Grant Amount: $60,000, co-funded with the Russell Sage Foundation

Grant Type: academic

For more than a quarter of a century, one of the central questions in empirical academic and policy research on the U.S. labor market concerns the long-term decline in male employment rates. Existing research has documented patterns and trends in employment rates but almost entirely using cross-sectional data. A critical open question is what the decline in employment measured on an annual basis reflects in terms of an individual’s employment trajectory. This project tackles this question by incorporating longitudinal analysis (through the Panel Study of Income Dynamics) and pseudo-panel techniques (via cohort analysis using the Current Population Survey). By looking at the wages of the sometimes-nonemployed, this project will yield a better answer to the question of how much of the reduction in prime-age employment over recent decades can be explained by declining wages.

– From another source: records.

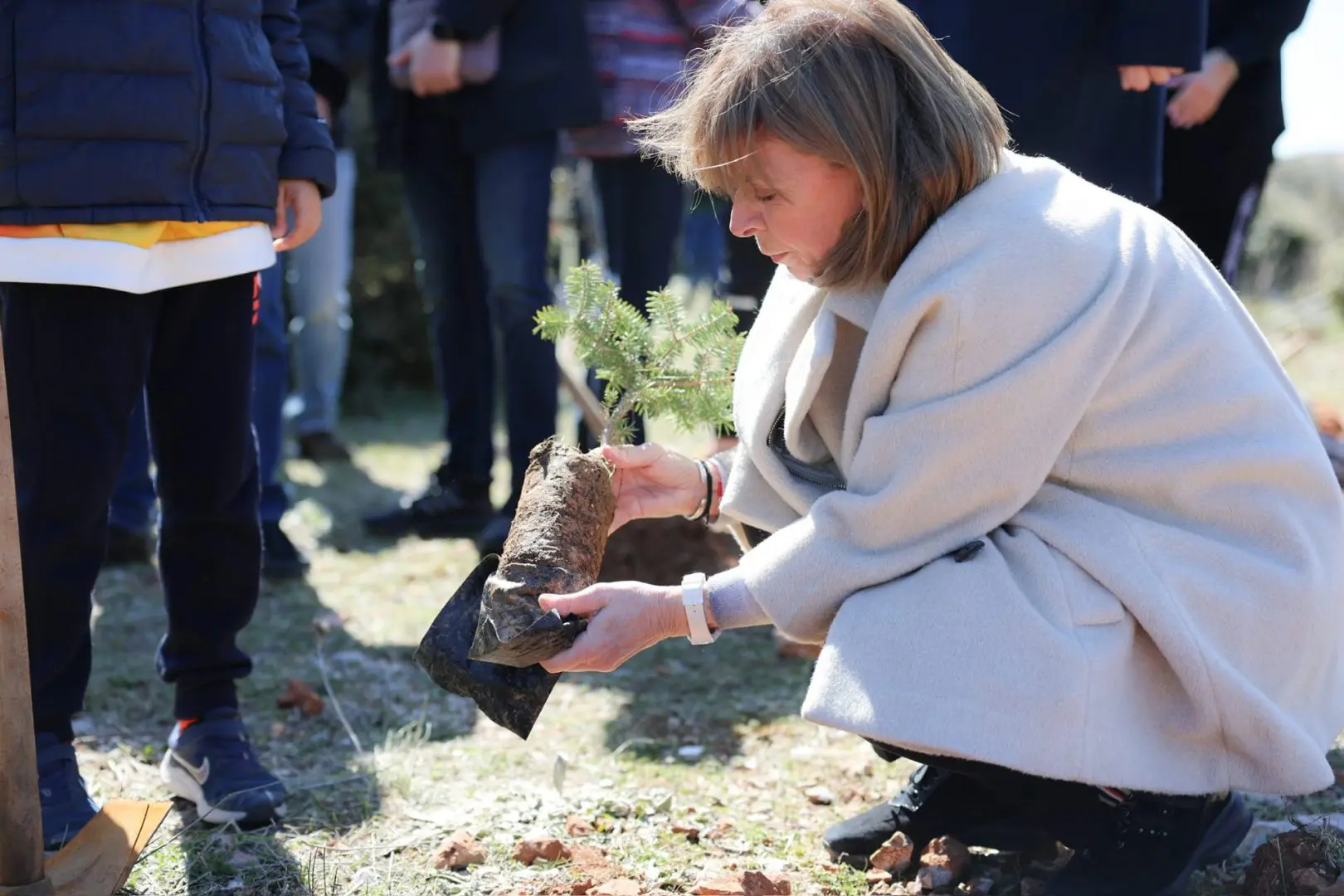 Σε συμβολική δενδροφύτευση στην Πάρνηθα με γυναίκες πρέσβεις διαπιστευμένες στην Ελλάδα με αφορμή τη Διεθνή Ημέρα Δασών 4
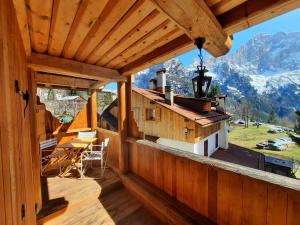 a balcony of a house with a view of mountains at Tabià Su'n Coi in Alleghe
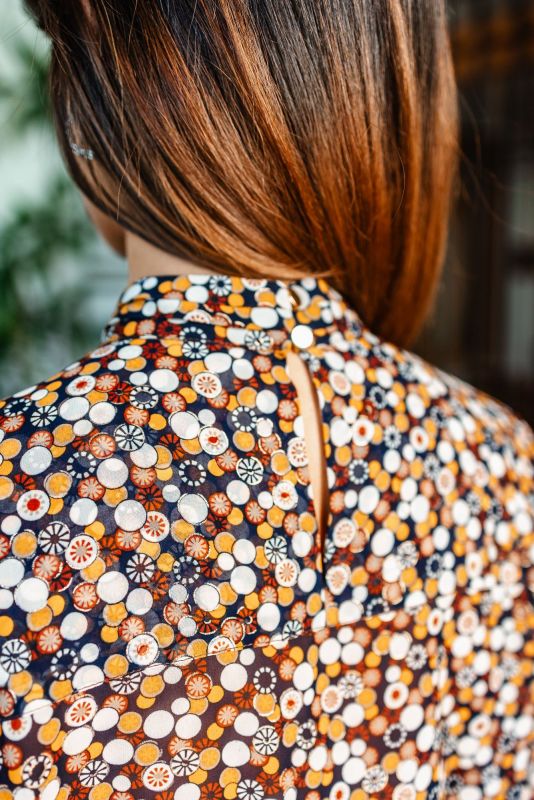 Détail de la BLOUSE BRUCE imprimée de Fall 23, mettant en avant le design unique et la qualité du tissu.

This is critical to understanding the extent to which changes in labor demand (which have reduced wages for sets of workers) versus changes in labor supply elasticities (which have potentially lowered labor supply for a given wage) explain reductions in prime-age employment.

Languages, laws and labor contracts

Grant Year: 2017

Grant Amount: $80,000

Grant Type: academic

The decline in bargaining power for large groups of workers is at the core of rising inequality. This research aims to provide some of the first causal evidence that contractual language is not merely cheap talk but rather meaningfully shapes the decisions of contracting parties in the labor market. The grant will support an effort to digitize union contracts stored at the Kheel Center at Cornell University. In addition to digitization, the researchers will use language processing tools to extract norms, commitments, and entitlements from the text. The result will be a tool that can be used to understand the role of unions in the 20th century. The dataset will be uniquely detailed, including features of union contracts based on industry sector, union, firm, and year of the contract. The research questions that might be answered with the data range from the fundamental—How are labor contractual terms determined, and how do contractual terms affect workers and firms?—to the more subtle—How and why do contractual terms begin to reflect legal changes and judicial decisions?

Digital discrimination: a case of Airbnb

Grant Year: 2017

Grant Amount: $15,000

Grant Type: doctoral

This research will test a widely held perception that making ethnic information less prominent—rather than completely eliminating it—will reduce discrimination. The researcher will use a recent Airbnb policy change to empirically test this relationship empirically. Utilizing data from Airbnb, the research effectively builds on the literature using ethnic names on resumes to test for discrimination. This research will be able to focus attention on the continuing problem of racial discrimination for wages, particularly in the “gig,” or “platform,” economy

Effects of the new wave of minimum wage policies

Grant Year: 2017

Grant Amount: $68,000

Grant Type: academic

This project will take advantage of the unusually large changes in the statutory minimum wages in eight states and nine cities to analyze wage and employment impacts. There is intense debate over the efficacy of increased minimum wages to address growing income inequality, and this research will provide useful evidence, directly contributing to discussions of how to improve the design of current and future minimum wage policies.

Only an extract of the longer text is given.